Itaca

Il tema è stato al centro di un simposio svoltosi nell’ambito del congresso nazionale di ITACA 

Milano - Durante l’ultimo congresso nazionale di ITACA (Italian Network for Hereditary and Acquired Angioedema), associazione scientifica che raggruppa i principali esperti nel campo dell’angioedema, si è tenuto un simposio, sponsorizzato da CSL Behring, in cui sono state discusse le principali comorbilità che interessano le persone con angioedema ereditario (HAE), patologia caratterizzata da “gonfiori” improvvisi e ricorrenti a carico del tessuto sottocutaneo (viso, arti, genitali) e delle mucose (apparato gastro-intestinale, vie genito-urinarie, cavo orale e laringe). I dati riguardavano 500 pazienti che afferiscono ai due principali centri di riferimento italiani per l’HAE (Milano e Padova, diretti rispettivamente da Andrea Zanichelli e Mauro Cancian), confrontando la rilevanza delle comorbilità con la popolazione generale.
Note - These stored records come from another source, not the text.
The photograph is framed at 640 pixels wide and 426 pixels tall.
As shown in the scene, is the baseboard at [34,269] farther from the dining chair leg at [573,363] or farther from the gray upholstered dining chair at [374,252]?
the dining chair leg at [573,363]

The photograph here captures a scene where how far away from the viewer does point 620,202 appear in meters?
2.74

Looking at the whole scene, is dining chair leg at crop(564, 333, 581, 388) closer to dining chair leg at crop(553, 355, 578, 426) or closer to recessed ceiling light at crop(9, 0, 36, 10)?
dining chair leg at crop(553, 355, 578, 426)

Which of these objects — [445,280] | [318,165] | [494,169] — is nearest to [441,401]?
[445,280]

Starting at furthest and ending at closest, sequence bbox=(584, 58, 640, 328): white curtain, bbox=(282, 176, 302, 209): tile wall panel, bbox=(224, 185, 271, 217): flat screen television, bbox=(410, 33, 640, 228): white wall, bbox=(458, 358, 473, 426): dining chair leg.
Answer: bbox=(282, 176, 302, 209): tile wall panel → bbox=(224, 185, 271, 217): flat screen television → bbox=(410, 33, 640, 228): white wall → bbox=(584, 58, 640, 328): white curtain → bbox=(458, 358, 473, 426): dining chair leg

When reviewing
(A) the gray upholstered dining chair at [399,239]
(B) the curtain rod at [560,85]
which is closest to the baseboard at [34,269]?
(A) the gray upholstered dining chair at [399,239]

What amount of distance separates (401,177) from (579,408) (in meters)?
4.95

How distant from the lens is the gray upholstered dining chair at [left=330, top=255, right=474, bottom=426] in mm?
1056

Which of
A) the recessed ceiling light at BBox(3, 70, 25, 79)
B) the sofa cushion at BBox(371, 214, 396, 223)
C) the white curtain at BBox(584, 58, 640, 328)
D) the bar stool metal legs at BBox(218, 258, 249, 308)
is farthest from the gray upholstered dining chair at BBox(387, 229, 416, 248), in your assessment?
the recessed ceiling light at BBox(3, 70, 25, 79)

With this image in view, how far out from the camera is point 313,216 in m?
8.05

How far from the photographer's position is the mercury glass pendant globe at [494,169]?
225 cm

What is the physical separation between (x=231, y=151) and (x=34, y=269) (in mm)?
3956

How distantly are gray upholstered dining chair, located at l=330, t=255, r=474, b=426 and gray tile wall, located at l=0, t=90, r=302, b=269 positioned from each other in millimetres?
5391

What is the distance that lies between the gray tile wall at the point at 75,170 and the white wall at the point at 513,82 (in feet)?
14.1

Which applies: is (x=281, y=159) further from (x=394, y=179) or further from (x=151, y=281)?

I risultati hanno evidenziato una aumentata prevalenza nell’angioedema ereditario delle malattie cardiovascolari, che interessano in maniera più che doppia (10% vs 4,8%) questi soggetti rispetto alla popolazione generale. Lo dimostrano in particolare i dati relativi all’infarto del miocardio (5,4% contro 1,4%), mentre fra le altre comorbilità spiccano la diffusione del diabete mellito (4,8% nell’HAE vs. 1,4% nella popolazione generale) e degli angiomi epatici (4,3% vs. 0,6%). 
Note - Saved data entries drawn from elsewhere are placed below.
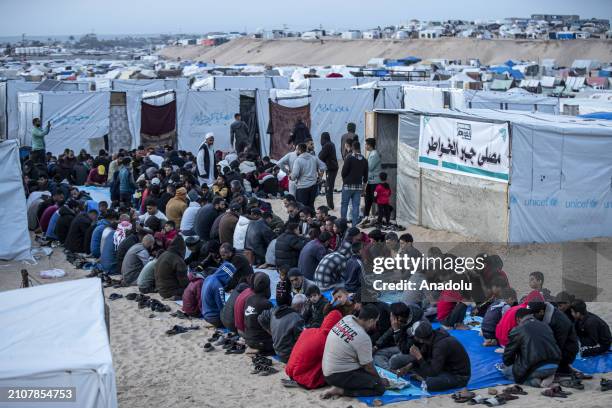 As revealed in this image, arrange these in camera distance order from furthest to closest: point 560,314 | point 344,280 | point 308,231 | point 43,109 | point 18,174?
1. point 43,109
2. point 18,174
3. point 308,231
4. point 344,280
5. point 560,314

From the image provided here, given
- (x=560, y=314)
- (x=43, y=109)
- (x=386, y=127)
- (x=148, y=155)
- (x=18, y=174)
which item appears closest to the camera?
(x=560, y=314)

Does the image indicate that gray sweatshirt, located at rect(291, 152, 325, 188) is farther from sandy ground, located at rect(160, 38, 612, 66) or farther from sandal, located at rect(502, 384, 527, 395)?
sandy ground, located at rect(160, 38, 612, 66)

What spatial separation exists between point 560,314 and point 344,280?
2.73 meters

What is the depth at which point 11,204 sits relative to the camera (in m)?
12.5

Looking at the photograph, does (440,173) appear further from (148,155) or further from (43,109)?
(43,109)

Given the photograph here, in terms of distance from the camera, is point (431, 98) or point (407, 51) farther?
point (407, 51)

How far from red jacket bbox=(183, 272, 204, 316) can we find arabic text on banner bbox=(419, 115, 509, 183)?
4798 millimetres

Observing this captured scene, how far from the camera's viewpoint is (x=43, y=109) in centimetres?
2048

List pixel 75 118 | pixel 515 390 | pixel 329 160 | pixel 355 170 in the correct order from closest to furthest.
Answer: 1. pixel 515 390
2. pixel 355 170
3. pixel 329 160
4. pixel 75 118

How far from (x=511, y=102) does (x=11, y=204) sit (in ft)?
48.6

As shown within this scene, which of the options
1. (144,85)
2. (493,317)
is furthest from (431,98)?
(493,317)

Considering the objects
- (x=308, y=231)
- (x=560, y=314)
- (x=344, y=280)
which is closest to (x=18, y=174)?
(x=308, y=231)

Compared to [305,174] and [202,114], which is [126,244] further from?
[202,114]

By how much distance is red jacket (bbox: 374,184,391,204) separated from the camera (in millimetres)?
13734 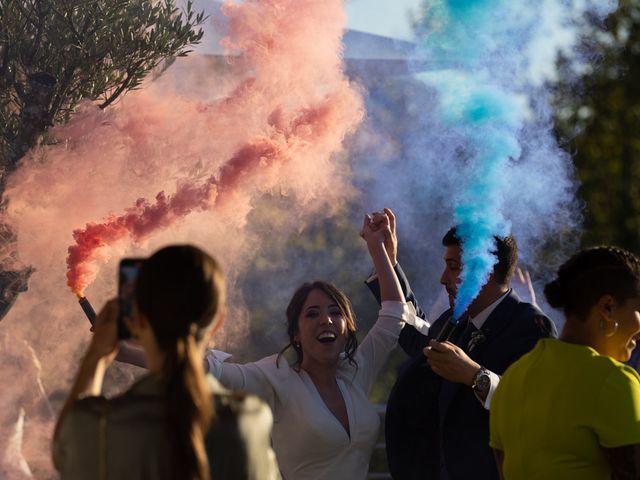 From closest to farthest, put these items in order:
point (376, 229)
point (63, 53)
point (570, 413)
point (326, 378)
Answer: point (570, 413) → point (326, 378) → point (376, 229) → point (63, 53)

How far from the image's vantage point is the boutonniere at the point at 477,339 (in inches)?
184

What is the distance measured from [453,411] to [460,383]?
0.14 meters

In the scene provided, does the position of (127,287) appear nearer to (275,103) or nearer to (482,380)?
(482,380)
Il simposio ha consentito inoltre di presentare i dati della survey promossa da ITACA per approfondire l’andamento della pandemia di SARS-Cov-2 nei soggetti italiani con angioedema ereditario. L’interesse nasceva dal fatto che il recettore ACE-2, porta di ingresso del virus nelle cellule umane, è coinvolto nel metabolismo della bradichinina, la molecola che causa l’angioedema nelle forme ereditarie ed in quelle indotte da alcuni farmaci. Tale interazione rendeva pertanto ipotizzabili varie conseguenze nei pazienti con HAE, fra cui:

- maggiore predisposizione all’infezione;

- maggiore severità di COVID-19;

- maggiore severità dell’angioedema durante il COVID-19. 
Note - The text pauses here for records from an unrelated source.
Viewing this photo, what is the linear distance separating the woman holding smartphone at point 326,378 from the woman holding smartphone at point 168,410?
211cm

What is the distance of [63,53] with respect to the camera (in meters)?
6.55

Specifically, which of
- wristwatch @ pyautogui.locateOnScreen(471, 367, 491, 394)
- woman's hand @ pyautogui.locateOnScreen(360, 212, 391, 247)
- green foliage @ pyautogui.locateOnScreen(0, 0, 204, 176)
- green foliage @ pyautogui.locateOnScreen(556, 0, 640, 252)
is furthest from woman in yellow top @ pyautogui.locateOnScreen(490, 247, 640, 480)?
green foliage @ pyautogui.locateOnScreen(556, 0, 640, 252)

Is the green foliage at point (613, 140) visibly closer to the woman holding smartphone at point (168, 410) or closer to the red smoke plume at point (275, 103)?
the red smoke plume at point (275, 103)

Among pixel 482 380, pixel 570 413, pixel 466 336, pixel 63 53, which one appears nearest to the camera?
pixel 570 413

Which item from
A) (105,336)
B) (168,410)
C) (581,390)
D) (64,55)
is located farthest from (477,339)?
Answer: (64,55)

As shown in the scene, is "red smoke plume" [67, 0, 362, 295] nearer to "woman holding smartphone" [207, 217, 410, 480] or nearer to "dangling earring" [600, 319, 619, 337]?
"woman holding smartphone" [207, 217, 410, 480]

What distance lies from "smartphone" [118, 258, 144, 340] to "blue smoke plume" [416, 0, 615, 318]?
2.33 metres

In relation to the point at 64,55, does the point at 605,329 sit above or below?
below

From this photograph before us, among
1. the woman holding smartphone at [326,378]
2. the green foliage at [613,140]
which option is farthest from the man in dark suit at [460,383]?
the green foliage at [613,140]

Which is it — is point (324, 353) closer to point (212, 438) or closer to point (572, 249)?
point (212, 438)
L’analisi, condotta per un anno su 677 pazienti afferenti a 16 centri di riferimento del network ITACA, ha consentito innanzitutto di verificare che 52 di loro, pari al 7,68% del campione, avevano contratto COVID-19 con una durata media di 15 giorni e con una un’incidenza sostanzialmente sovrapponibile a quella della popolazione generale, risultata essere del 6.04% nel periodo in esame.

Il 51,9% dei casi positivi a SARS-CoV-2 ha presentato, durante l’infezione, almeno un attacco di angioedema, la cui severità correlava con quella del COVID-19”, spiega il Professor Mauro Cancian, Presidente di ITACA. “Nonostante il virus non sembri colpire maggiormente i pazienti con HAE, sicuramente ha favorito una maggiore insorgenza e gravità di episodi acuti. Per contrastare l’impatto del COVID-19 sull’angioedema e la difficoltà di accesso ai Pronto Soccorso e ad altre strutture sanitarie in questo periodo, si è rivelato fondamentale il training dei pazienti all’auto-somministrazione della terapia, che ha consentito alla grande maggioranza di loro di trattare a domicilio gli attacchi in piena sicurezza. Tutti i pazienti con angioedema ereditario sono stati poi vaccinati contro COVID-19 in via prioritaria senza eventi avversi, ed è in corso una analisi dell’efficacia in questa popolazione”.

Conoscere a fondo ogni singolo paziente e le sue comorbilità è fondamentale per una gestione ottimale della malattia”, ha concluso il Professor Cancian, che sottolinea come, proprio a tal fine, il network ITACA stia concentrando le sue energie sullo “sviluppo del Registro Nazionale, che ad oggi ingloba quasi 1000 casi, e sulla individuazione di quanti sfuggono ancora ad una diagnosi e che non possono pertanto accedere a cure adeguate.” 

Gli studi anticipati al simposio saranno condivisi da ITACA con la comunità scientifica internazionale nel corso dell’imminente congresso dell’EAACI (European Academy of Allergy, and Clinical Immunology).